Saved entries
-.-.-

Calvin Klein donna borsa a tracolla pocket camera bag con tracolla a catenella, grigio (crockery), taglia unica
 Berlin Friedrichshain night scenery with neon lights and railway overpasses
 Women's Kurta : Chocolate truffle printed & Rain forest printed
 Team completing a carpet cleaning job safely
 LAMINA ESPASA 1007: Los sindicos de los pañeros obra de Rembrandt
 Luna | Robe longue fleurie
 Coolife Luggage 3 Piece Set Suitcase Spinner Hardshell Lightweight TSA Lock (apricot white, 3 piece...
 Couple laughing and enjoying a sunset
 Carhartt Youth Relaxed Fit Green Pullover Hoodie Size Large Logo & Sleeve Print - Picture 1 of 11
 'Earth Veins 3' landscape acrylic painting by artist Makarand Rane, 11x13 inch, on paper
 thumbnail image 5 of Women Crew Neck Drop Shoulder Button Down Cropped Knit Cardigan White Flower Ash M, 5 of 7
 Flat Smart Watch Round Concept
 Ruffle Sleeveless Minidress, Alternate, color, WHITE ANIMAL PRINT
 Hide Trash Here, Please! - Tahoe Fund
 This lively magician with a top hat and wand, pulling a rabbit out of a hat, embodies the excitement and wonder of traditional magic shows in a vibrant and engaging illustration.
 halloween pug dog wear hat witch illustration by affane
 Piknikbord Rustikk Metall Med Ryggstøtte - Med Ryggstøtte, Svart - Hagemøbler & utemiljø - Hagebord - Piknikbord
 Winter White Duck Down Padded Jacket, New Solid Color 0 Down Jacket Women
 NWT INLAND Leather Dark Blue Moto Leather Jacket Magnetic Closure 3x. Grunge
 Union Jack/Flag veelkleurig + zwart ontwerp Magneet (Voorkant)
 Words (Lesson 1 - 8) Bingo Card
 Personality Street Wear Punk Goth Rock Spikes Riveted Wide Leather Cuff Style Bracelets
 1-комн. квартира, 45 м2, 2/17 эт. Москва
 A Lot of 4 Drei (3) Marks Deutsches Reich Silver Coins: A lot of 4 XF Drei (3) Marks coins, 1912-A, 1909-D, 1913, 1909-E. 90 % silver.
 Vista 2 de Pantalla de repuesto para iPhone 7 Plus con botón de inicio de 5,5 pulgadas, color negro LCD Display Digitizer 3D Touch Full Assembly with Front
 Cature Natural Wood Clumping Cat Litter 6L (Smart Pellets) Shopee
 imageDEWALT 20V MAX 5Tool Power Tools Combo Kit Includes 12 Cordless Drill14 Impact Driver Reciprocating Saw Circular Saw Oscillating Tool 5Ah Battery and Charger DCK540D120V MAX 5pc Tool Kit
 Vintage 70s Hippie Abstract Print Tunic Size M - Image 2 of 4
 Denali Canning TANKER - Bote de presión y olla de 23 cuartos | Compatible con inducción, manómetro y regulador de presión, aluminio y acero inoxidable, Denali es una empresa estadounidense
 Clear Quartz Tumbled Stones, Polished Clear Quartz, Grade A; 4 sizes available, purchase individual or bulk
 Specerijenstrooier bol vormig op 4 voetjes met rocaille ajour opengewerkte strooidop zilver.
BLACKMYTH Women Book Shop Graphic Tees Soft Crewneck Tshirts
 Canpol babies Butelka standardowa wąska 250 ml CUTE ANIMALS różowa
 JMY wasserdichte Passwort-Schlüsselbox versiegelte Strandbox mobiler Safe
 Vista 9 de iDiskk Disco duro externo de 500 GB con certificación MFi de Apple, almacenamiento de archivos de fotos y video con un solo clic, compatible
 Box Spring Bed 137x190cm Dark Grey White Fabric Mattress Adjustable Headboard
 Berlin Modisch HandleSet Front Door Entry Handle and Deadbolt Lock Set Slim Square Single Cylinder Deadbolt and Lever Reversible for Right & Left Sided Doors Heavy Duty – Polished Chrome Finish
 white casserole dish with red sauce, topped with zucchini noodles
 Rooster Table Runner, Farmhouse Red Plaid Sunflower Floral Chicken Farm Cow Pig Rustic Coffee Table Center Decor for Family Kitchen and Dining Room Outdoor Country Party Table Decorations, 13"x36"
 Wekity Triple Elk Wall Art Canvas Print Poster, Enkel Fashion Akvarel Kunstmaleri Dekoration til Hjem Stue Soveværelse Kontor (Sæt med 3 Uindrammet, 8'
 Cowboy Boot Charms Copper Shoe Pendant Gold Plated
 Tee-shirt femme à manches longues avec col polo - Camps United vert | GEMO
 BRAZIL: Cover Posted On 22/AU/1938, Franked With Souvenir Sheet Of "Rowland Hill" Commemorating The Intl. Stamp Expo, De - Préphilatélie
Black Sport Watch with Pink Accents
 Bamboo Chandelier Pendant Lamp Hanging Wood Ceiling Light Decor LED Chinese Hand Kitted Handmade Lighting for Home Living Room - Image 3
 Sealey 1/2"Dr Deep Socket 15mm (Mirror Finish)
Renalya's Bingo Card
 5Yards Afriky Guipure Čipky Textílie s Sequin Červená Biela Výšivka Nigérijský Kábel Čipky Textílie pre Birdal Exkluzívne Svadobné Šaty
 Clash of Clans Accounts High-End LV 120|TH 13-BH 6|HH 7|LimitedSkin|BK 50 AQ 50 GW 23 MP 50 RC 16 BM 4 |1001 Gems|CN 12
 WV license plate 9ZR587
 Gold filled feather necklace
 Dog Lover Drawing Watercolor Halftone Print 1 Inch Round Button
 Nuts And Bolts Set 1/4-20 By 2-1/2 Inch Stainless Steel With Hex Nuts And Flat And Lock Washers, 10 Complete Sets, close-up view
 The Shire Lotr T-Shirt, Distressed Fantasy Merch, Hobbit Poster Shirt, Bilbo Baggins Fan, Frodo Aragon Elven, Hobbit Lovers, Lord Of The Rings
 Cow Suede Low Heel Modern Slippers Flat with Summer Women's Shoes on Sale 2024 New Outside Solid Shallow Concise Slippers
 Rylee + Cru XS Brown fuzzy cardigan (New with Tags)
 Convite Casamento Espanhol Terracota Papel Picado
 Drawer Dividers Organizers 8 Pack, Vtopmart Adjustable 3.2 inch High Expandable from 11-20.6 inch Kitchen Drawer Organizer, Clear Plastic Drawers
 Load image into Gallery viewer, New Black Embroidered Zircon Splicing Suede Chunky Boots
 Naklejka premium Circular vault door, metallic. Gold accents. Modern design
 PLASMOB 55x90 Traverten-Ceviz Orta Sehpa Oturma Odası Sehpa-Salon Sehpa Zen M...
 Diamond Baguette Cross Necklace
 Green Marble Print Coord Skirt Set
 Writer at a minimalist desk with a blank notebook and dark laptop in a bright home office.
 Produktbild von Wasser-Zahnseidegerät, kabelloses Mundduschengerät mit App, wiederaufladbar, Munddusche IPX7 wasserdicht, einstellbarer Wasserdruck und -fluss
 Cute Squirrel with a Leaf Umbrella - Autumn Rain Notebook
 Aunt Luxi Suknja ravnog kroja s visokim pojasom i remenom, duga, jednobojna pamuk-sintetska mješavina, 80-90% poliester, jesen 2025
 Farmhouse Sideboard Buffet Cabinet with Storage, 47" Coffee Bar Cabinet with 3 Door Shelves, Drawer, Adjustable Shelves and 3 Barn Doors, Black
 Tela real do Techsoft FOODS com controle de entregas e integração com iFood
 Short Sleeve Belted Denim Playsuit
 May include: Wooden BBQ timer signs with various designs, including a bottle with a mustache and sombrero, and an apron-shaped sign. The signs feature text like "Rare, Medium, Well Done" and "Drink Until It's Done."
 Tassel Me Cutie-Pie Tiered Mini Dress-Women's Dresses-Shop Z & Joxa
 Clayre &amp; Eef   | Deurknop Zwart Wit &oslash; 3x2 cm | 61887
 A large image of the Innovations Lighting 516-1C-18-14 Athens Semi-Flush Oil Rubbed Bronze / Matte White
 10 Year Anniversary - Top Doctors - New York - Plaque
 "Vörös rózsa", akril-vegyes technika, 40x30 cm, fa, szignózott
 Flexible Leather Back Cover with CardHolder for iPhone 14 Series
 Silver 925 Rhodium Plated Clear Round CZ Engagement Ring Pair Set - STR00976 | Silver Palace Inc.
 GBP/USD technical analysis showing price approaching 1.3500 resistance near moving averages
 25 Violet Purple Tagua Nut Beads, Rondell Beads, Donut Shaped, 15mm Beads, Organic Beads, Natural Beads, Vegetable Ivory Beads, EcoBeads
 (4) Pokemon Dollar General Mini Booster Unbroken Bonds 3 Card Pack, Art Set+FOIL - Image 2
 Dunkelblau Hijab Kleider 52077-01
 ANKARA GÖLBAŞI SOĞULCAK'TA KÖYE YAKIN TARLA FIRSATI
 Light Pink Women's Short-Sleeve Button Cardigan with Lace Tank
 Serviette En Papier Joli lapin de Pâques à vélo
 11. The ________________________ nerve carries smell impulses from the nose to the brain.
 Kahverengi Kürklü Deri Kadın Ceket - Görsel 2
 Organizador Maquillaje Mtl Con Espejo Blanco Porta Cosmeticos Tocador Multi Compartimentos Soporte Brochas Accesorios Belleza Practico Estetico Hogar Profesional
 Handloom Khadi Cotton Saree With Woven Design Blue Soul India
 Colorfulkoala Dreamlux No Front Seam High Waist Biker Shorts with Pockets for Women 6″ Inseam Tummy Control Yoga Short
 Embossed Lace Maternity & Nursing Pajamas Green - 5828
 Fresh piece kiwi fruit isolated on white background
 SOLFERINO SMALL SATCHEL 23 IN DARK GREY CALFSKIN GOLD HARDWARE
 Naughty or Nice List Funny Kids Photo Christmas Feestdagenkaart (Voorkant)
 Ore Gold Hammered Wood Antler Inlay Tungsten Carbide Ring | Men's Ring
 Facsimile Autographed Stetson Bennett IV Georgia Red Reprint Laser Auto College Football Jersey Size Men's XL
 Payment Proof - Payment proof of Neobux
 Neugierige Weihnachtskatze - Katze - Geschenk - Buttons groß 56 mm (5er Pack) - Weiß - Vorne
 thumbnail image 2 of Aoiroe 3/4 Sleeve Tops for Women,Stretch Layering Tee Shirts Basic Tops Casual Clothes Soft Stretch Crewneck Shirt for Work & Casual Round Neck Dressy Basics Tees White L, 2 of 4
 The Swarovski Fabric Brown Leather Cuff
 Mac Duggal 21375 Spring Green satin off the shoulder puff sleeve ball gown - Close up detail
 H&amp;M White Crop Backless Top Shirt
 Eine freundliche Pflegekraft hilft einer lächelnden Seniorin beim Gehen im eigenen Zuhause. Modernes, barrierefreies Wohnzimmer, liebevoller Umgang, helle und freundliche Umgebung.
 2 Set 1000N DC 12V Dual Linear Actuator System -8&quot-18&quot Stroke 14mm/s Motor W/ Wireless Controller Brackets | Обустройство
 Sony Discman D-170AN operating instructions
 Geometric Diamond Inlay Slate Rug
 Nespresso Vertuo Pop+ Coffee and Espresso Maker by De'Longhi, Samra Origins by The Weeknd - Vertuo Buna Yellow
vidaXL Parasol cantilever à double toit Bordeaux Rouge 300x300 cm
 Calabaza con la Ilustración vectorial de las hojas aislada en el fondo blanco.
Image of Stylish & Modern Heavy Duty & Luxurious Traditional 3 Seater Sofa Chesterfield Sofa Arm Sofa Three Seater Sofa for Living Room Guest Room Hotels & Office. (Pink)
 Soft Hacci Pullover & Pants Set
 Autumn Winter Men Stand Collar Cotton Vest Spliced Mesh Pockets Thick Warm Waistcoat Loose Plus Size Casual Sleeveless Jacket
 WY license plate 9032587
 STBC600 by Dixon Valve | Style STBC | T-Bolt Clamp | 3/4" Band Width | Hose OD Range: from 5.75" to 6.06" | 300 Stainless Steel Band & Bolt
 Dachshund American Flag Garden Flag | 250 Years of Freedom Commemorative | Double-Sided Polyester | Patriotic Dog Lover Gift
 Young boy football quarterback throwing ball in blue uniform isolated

-.-.-

Of the entries above, repeat exactly the lines from the line with "Cowboy Boot Charms" through the line with "The Shire Lotr", both of them included.

 Cowboy Boot Charms Copper Shoe Pendant Gold Plated
 Tee-shirt femme à manches longues avec col polo - Camps United vert | GEMO
 BRAZIL: Cover Posted On 22/AU/1938, Franked With Souvenir Sheet Of "Rowland Hill" Commemorating The Intl. Stamp Expo, De - Préphilatélie
Black Sport Watch with Pink Accents
 Bamboo Chandelier Pendant Lamp Hanging Wood Ceiling Light Decor LED Chinese Hand Kitted Handmade Lighting for Home Living Room - Image 3
 Sealey 1/2"Dr Deep Socket 15mm (Mirror Finish)
Renalya's Bingo Card
 5Yards Afriky Guipure Čipky Textílie s Sequin Červená Biela Výšivka Nigérijský Kábel Čipky Textílie pre Birdal Exkluzívne Svadobné Šaty
 Clash of Clans Accounts High-End LV 120|TH 13-BH 6|HH 7|LimitedSkin|BK 50 AQ 50 GW 23 MP 50 RC 16 BM 4 |1001 Gems|CN 12
 WV license plate 9ZR587
 Gold filled feather necklace
 Dog Lover Drawing Watercolor Halftone Print 1 Inch Round Button
 Nuts And Bolts Set 1/4-20 By 2-1/2 Inch Stainless Steel With Hex Nuts And Flat And Lock Washers, 10 Complete Sets, close-up view
 The Shire Lotr T-Shirt, Distressed Fantasy Merch, Hobbit Poster Shirt, Bilbo Baggins Fan, Frodo Aragon Elven, Hobbit Lovers, Lord Of The Rings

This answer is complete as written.